CHRONICLES OF THE BANISHED: DISPLACEMENT AND POPULAR IDENTITY IN COLOMBIA
By María Helena Rueda

Strolling through bookstores these days in Colombia, one readily finds a significant number of books focused on forced displacement: novels chronicling the lives of people outside of their usual places and spaces, narratives and testimonies of men and women forced to flee because of brutal armed conflict. More and more frequently, books in Colombia tell the stories of farmers driven to the cities because of violence, of victims of kidnappings, of Colombians who have had to learn to live in another country, or of people whose lives within Colombia are marked by a sense of not belonging anymore. A common thread tying together these narrations of experiences of displacement is that none is enjoyable, planned or desired. These are more than simple stories of movement, of travel - they chronicle a plunder of life itself, a rupture not only with the roots of sustenance, but also with everything that gives meaning to existence. The majority of the lives of displaced people are permeated with a tragic certainty that returning to their places of origin is an impossibility; this is why their experience borders on the extreme of a breaking point, a banishment.

The texts narrating the stories of displacement compose a long list of diverse experiences. I will only examine a few in this essay. There are two testimonials with the same name - Desterrados, (literally, those from under whom the earth has been moved). One is written by Marisol Gómez Giraldo and the second by Alfredo Molano. They tell stories of farmers threatened by left-wing guerrillas or right-wing paramilitaries who, after witnessing the slaughter of friends or family members, have had to leave their rural homes to seek refuge in the city.
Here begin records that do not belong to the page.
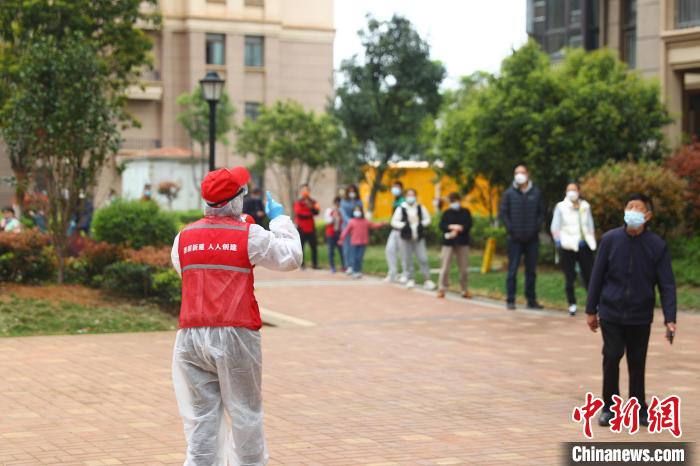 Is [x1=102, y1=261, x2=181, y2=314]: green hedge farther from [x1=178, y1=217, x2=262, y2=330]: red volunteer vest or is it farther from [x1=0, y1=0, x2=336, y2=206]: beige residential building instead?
[x1=0, y1=0, x2=336, y2=206]: beige residential building

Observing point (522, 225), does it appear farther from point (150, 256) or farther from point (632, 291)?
point (632, 291)

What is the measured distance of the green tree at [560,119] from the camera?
22.2m

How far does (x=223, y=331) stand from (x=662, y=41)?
19.1 m

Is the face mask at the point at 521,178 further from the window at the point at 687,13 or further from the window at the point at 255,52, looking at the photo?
the window at the point at 255,52

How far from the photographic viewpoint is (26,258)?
16500 millimetres

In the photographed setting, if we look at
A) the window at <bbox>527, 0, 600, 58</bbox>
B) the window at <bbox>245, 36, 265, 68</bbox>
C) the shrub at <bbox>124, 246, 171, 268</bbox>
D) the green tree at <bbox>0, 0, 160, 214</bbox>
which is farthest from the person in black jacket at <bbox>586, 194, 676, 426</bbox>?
the window at <bbox>245, 36, 265, 68</bbox>

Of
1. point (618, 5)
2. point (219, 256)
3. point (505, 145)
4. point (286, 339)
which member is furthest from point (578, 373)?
point (618, 5)

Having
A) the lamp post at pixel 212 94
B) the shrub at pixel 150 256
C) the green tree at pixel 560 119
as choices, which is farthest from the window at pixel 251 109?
the shrub at pixel 150 256

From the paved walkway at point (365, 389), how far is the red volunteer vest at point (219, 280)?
5.76 ft

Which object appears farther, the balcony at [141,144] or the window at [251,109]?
the window at [251,109]

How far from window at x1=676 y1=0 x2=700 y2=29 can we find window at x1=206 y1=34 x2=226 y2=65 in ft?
115

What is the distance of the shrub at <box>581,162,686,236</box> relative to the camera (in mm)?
19641

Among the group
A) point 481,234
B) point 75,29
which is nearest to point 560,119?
point 481,234

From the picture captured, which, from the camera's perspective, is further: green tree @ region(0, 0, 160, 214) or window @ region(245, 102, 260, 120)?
window @ region(245, 102, 260, 120) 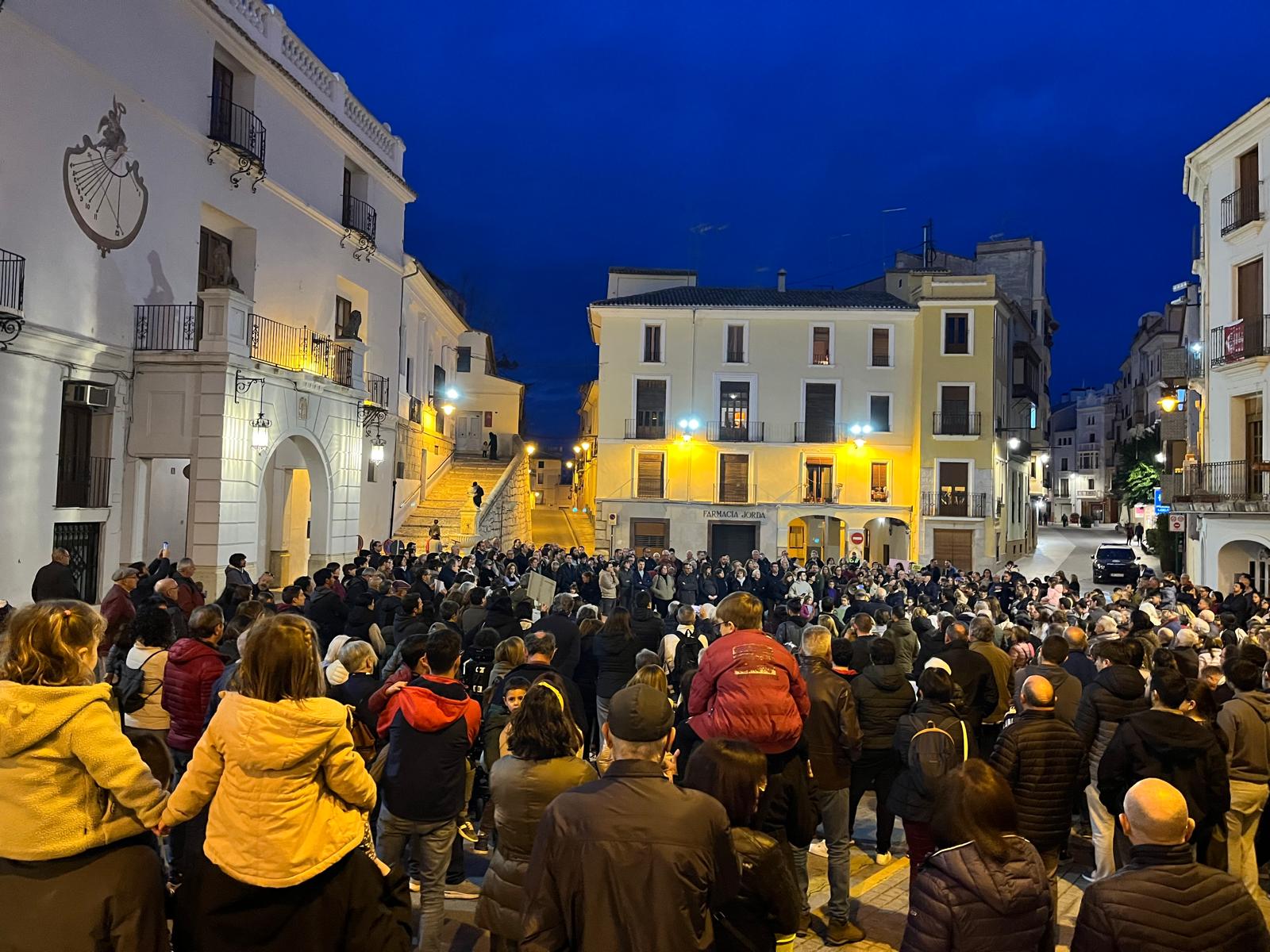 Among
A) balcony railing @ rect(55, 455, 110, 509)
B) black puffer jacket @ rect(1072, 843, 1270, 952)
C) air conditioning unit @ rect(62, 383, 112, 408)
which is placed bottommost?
black puffer jacket @ rect(1072, 843, 1270, 952)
These texts are based on fieldwork conducted by the authors, and they create the effect of making readers feel as if they were directly experiencing these peoples' reality. Among the novels that exist, Laura Restrepo's La multitud errante (The Wandering Multitude) uses a tone of allegory to tell the story of a man who meanders from one refugee center for displaced persons to another, searching for a woman who cared for him after his parents involuntarily abandoned him as a child, they themselves threatened by another epoch of violence. Paraíso travel (Paradise Travel) by Jorge Franco narrates stories of Colombians who have had to learn to live in New York. Both La virgen de los sicarios (Our Lady of the Assassins) and El desbarrancadero (literally, a place where one runs the risk of falling into an abyss), by Fernando Vallejo, have as main characters individuals who arrive in Medellín after several years of exile, only to find the city converted in a no man's land. In these accounts, it is the city, which has been "displaced" and converted into a territory of non-belonging. With the exception of Our Lady of the Assassins, which was published in 1994, all of the aforementioned books were published in 2001. Why have so many books dealing with the theme of displacement and displaced persons appeared in such a short time?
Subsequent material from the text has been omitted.